Only the lines of the data below from the one with "MagicMinerals AirBrush Foundation" through the one with "Bezzo Gold Round" are wanted. Repeat them exactly.

* _Data records_:

────────────────────

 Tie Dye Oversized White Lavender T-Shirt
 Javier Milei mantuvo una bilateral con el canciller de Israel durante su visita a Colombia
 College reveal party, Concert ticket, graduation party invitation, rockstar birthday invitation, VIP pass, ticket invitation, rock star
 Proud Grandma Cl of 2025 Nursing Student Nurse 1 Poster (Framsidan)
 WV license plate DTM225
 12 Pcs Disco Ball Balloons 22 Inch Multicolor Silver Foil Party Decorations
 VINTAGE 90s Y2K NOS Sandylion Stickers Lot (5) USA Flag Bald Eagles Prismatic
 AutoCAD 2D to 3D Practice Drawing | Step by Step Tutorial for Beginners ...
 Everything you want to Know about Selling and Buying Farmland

────────────────────

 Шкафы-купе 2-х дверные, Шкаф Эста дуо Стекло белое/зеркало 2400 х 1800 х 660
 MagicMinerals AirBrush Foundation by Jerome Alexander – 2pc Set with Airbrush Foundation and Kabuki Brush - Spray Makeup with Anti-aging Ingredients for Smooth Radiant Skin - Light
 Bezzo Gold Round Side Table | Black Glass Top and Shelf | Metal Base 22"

────────────────────

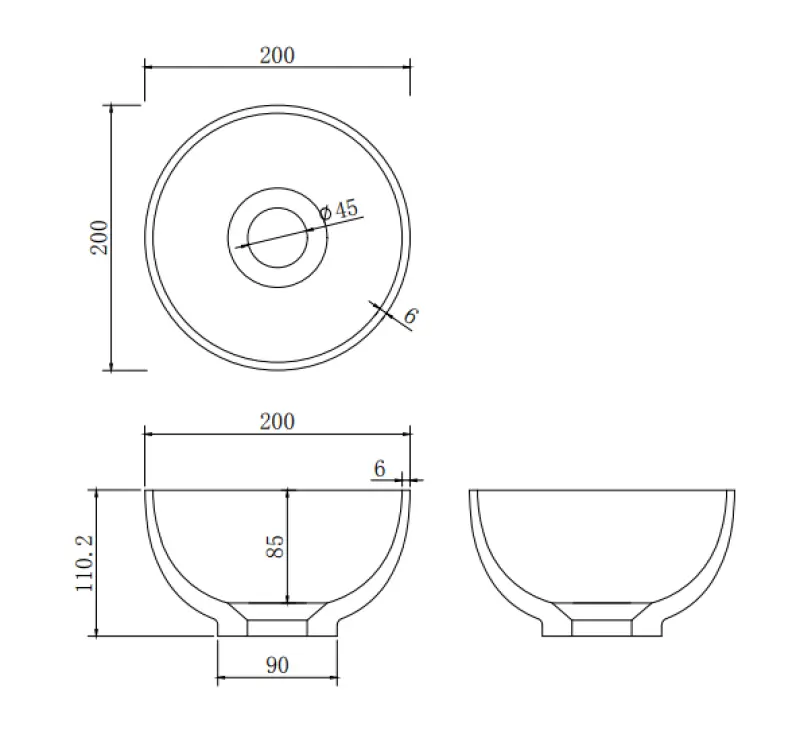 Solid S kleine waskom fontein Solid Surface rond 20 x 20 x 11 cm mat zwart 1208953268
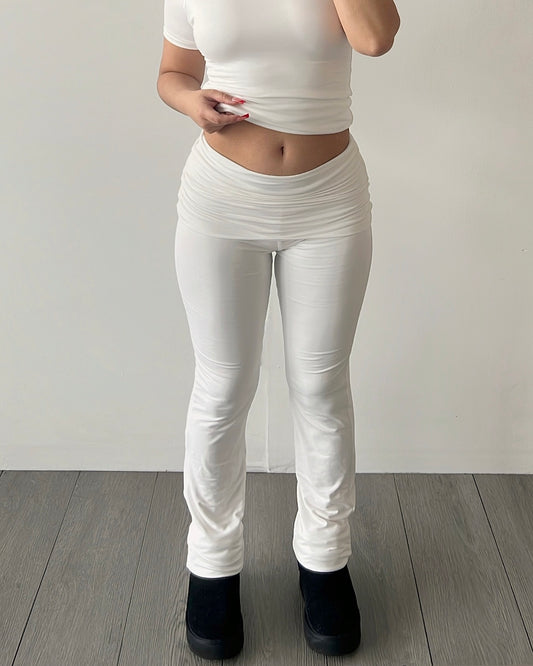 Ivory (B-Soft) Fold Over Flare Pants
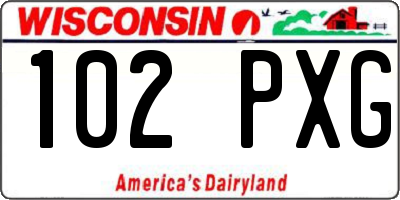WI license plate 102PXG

────────────────────

* _Answer space_:
 MagicMinerals AirBrush Foundation by Jerome Alexander – 2pc Set with Airbrush Foundation and Kabuki Brush - Spray Makeup with Anti-aging Ingredients for Smooth Radiant Skin - Light
 Bezzo Gold Round Side Table | Black Glass Top and Shelf | Metal Base 22"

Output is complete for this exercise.